Task item:
Write out exactly the line containing "ULTRA PRO Bob" along with each line that follows it in the records below, and no others.

Saved data entries:
####
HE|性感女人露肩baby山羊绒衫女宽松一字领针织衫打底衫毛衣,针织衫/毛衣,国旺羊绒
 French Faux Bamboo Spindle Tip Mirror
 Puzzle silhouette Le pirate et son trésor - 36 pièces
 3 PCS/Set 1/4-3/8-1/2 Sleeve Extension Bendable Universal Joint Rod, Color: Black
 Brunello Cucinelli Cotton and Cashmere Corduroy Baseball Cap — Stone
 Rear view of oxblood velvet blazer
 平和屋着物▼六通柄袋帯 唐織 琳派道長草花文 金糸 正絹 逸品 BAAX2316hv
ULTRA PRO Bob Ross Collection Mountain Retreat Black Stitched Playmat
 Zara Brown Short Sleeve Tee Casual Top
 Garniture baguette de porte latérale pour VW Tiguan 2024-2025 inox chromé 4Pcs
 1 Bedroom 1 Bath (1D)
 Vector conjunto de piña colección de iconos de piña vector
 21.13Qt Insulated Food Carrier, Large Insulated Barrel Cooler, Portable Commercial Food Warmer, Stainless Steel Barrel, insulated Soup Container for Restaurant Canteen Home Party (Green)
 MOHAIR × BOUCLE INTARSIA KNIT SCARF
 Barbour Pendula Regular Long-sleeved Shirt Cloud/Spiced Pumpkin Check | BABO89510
####
Solution to the exercise:
ULTRA PRO Bob Ross Collection Mountain Retreat Black Stitched Playmat
 Zara Brown Short Sleeve Tee Casual Top
 Garniture baguette de porte latérale pour VW Tiguan 2024-2025 inox chromé 4Pcs
 1 Bedroom 1 Bath (1D)
 Vector conjunto de piña colección de iconos de piña vector
 21.13Qt Insulated Food Carrier, Large Insulated Barrel Cooler, Portable Commercial Food Warmer, Stainless Steel Barrel, insulated Soup Container for Restaurant Canteen Home Party (Green)
 MOHAIR × BOUCLE INTARSIA KNIT SCARF
 Barbour Pendula Regular Long-sleeved Shirt Cloud/Spiced Pumpkin Check | BABO89510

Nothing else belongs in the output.